Le droit étant fait de qualifications et de définitions, il faut se demander ce qu’est une vie personnelle et familiale « normale », c’est-à-dire qui peut faire référence pour le juge. Lorsque l’on constate que la famille de référence, la sainte famille, comprend une mère vierge, un fils qui est le père de sa mère, et un père qui ne l’est pas (pauvre joseph comme dirait Moustaki) on découvre qu’il ne fallait pas attendre les familles recomposées pour s’interroger sur ce qui peut constituer la norme en ce domaine !

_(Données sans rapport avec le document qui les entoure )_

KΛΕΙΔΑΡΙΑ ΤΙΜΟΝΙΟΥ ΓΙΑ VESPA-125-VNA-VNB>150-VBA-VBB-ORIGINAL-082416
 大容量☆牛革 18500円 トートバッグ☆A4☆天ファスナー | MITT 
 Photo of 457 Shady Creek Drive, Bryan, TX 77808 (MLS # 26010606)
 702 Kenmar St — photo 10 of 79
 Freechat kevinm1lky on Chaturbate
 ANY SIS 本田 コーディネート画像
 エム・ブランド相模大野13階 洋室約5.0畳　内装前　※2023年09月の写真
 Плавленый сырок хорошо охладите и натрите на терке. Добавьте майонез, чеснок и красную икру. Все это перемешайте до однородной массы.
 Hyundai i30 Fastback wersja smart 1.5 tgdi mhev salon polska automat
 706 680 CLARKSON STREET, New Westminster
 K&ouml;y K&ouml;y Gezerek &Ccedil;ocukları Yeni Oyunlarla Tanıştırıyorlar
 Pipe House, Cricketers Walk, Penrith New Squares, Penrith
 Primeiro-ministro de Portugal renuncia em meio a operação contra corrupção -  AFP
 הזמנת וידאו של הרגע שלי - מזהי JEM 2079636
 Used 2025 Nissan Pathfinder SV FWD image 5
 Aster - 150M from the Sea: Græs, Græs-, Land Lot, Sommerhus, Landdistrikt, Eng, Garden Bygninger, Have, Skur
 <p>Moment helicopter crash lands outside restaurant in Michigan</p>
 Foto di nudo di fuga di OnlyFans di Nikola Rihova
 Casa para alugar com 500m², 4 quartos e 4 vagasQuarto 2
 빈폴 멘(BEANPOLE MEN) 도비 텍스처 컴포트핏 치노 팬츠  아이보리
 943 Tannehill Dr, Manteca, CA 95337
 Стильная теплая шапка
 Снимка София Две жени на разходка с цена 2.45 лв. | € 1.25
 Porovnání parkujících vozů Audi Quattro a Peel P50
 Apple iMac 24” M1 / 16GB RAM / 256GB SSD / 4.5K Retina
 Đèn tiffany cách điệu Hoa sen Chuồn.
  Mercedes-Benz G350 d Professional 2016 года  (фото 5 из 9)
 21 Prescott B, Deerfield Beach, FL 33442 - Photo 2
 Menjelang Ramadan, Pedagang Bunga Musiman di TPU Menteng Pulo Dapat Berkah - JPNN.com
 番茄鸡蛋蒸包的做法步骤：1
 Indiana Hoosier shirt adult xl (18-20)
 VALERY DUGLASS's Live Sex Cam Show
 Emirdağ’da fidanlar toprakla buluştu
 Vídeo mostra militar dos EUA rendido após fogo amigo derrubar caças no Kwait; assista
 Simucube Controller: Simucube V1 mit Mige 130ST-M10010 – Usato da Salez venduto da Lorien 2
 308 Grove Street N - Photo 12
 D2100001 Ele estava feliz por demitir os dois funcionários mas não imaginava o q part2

Le plus gênant dans ce affaires est peut être que, sous couvert de protéger le salarié, on invite l’employeur à s’intéresser à sa situation de famille…ce qui lui est par ailleurs interdit. Mais si je dois tenir compte dans mes décisions de gestion de la situation familiale du salarié, il est difficile d’imaginer que je vais m’en désintéresser au moment de l’embauche. L’enfer, on le sait, est pavé de bonnes intentions, en voici une nouvelle illustration. La logique voudrait que si l’employeur ne peut s’intéresser à la vie privée et familiale du salarié, ce dernier ne puisse à son tour l’invoquer dans le cadre de son contrat de travail. Dans ce domaine plus que dans d’autres peut être, toute exception au principe fait disparaître le principe lui-même.